Cormac McCarthy's The Road

Cormac McCarthy’s The Road

Cormac McCarthy gets it. The voice we hear from our earthly fathers is often the same voice we attribute to our heavenly Father, for better or worse. And I think this is something God planned.

McCarthy’s book, The Road (which was made into a film in fall of 2009), is a disturbing look into a bleak future, one where seemingly no hope survives. The reader is introduced to a father and his 10ish year old son who are struggling daily to find food and warmth amidst a desolate land, all while trying to steer clear of the many dangers of this stark new world.

McCarthy is a master of the novel. If bleak could be beautiful, his terse descriptions of a gray world come close. His style also proves that poetic lines need not be over indulgent or flowery.
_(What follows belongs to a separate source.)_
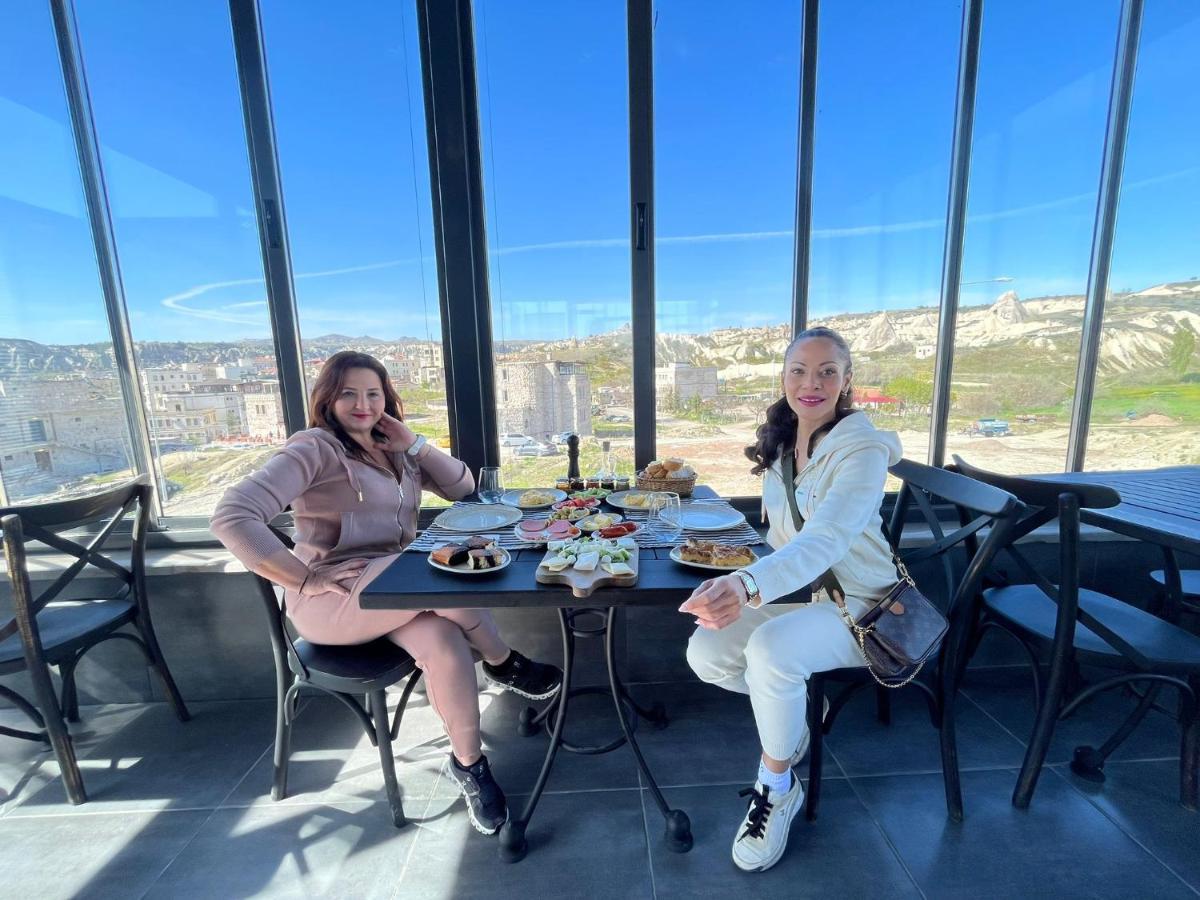 Perla Cappadocia Hotel Göreme Buitenkant foto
There is no sentimentality presented, just the cold reality of the nothingness our characters find themselves in.

But in the midst of these dire circumstances and disconcerting images, we are presented with a man sacrificing himself for his son over and over. He wasn’t perfect, he surely made mistakes, but when he made a mistake he apologized gently, because he loved his son very much—much more than anything else in the world including himself.

In reading this story, my desire for a father (or the Father) intensified. In many ways my father was the opposite of the man in The Road, often sacrificing me for himself. I definitely do not want to give my children the same flawed fatherhood I received. And it is in my longing for something more than my earthly father, acknowledging the hurt and pain that he wrought, that I find the sorrow that leads me to my God. It would be easy to give up and ignore the longing, but it is a real work of grace and courage to follow that hurt to something more.
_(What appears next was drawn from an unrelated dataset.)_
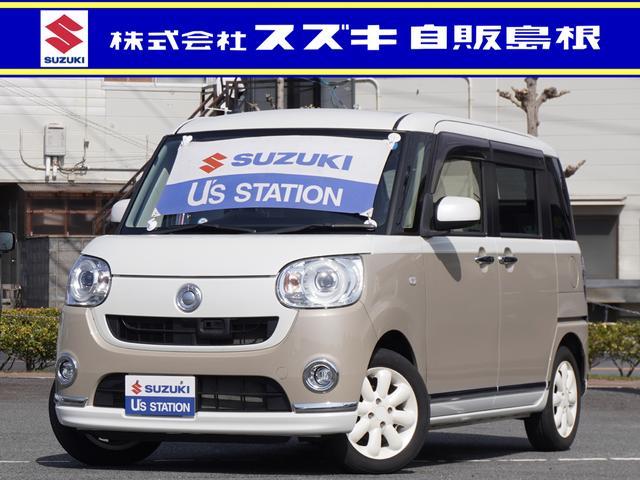 ダイハツムーヴキャンバス 中古車画像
McCarthy’s disturbing images of a hopeless future point us to the grim reality that in our current world, though seemingly comfortable on the outside (especially for us Westerners), there is a lurking darkness and violence just beneath the surface. We need fathers to help us traverse this darkness. And this points to the Father who gives us the grace to do so.

The man in our story is a welcome contrast to most fathers portrayed in television, especially comedies. The typical TV Dad is a Homer Simpson: dull and withdrawn. Though funny in a comedy, it is tragic in real life. The sad reason these father characters work so well is that they are true to life.

We all have an image of God presented in our fathers and some of us have a more accurate description than others. But none have a perfect portrait, we are all flawed. McCarthy forces us to reconcile and struggle with these similarities and differences.

Though my father has failed me in many ways, and I know I am deeply flawed myself, there is still hope. Through the power of Jesus’ work on the cross, my wounds are not my own. Through the power of Christ’s resurrection, there is hope for new life, there is a possibility for me to know the love of a Father, and to give that love as a father one day. This is the unnamed hope that propels a story like The Road. It is one that touches the essence of every human being.

Near the end of the story, there’s a woman who tells the boy that “the breath of God was his [father’s] breath.” And so it is, for better or worse. And with the grace that God gives, it won’t be perfect, but it can be for the better.